« PREV : NEXT »
|
|
|
|
Goodbye my friend
16 April 2005
The weekend past, I was a wreck, this week was worse. I could do nothing but roam the neighbourhood looking for the pickle, stand at my front door whistling.
On Monday morning I made sure there was fresh bickies in the garden just in case he drops by. I got to work and called the RSPCA and vets again, but nothing. During the course of the day I created over 200 flyers so i can put them in my neighbours mailboxes.

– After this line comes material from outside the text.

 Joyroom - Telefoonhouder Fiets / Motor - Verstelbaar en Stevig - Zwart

Just before I was leaving work I received a call on my mobile, it was my neighbour. She found Mr. Pickles. I broke down, I dont think she could hear my words beneath my attempts to not cry but I think she understood we were coming to get my baby. I called Pob, he was home. Again my words were muffled by the sobs all he heard from me was our neighbours name and he understood.

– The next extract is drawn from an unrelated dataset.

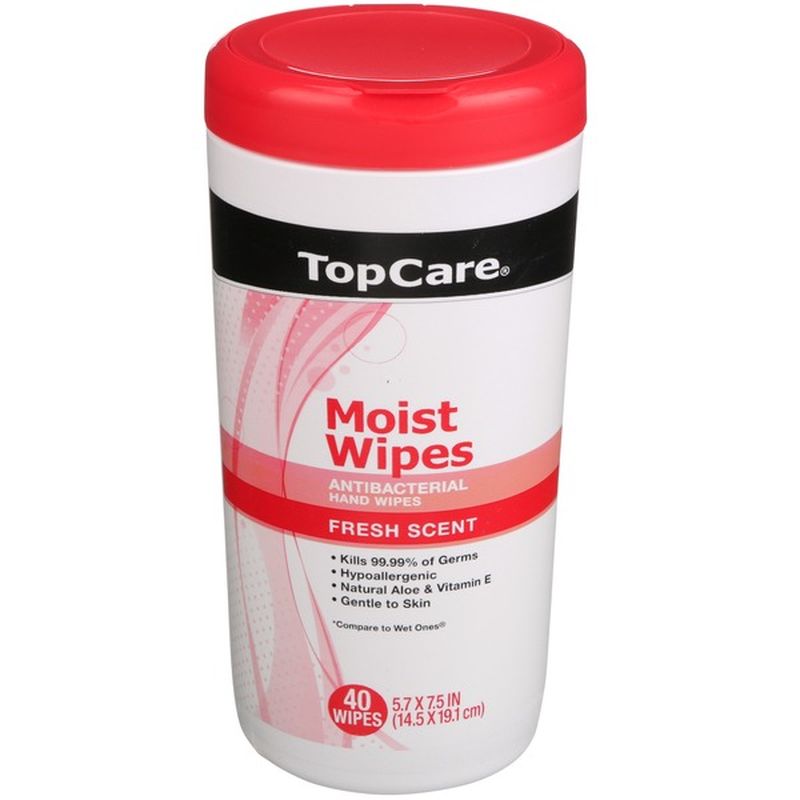 moist hand wipes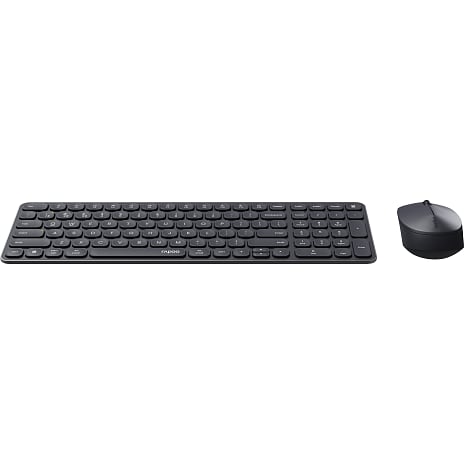 Rapoo 9310m trådløst keybord og mus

Pob found Mr. Pickles behind the only flowering bush next to my neighbours fence. He looked like he was sleeping. His paw was over his nose just like normal. Pob thinks he might have had a heart attack or might have been hit by a car and knew it was time and went to hide.
A few weeks ago I had a talk with Mr. Pickles, I told him even tho it was still years to go, when the time came he shouldnt run off and hide, he should just stay with me and I'll take care of him. He looked at me then and then put his head on my lap. I thought this meant we both agreed. I guess he didnt.

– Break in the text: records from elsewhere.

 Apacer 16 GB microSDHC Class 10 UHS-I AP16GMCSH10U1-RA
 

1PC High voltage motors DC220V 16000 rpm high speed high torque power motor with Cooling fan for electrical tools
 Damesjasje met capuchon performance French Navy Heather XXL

I dont know how I managed to drive home that night. He was just under 7 years old. He's my baby.
Ive been crying for days, my chest hurts. I bought him a new bowl on Thursday, he never saw it. I tried to put his left over food in a bag to take to my friends house so Jingle can have it. I cant quite do it yet, I took it out of the bag and back into the pantry where it belonged.
I didnt know you could love a 4 legged friend so much, I didnt think it would hurt this much. What I wouldn't do for just one more purr, one more nose to nose kisses, one more head butt, one more smooch, one more pat, just one more cuddle, just one more paw mark on my newly painted canvas.
We're having him cremated. The lady from the pet cremation place came to pick him up last Tuesday, again I broke down after she left. Mr. Pickles is ok now, I know that. He's in heaven and Papa will now be looking after him for me. I miss you my Pickle.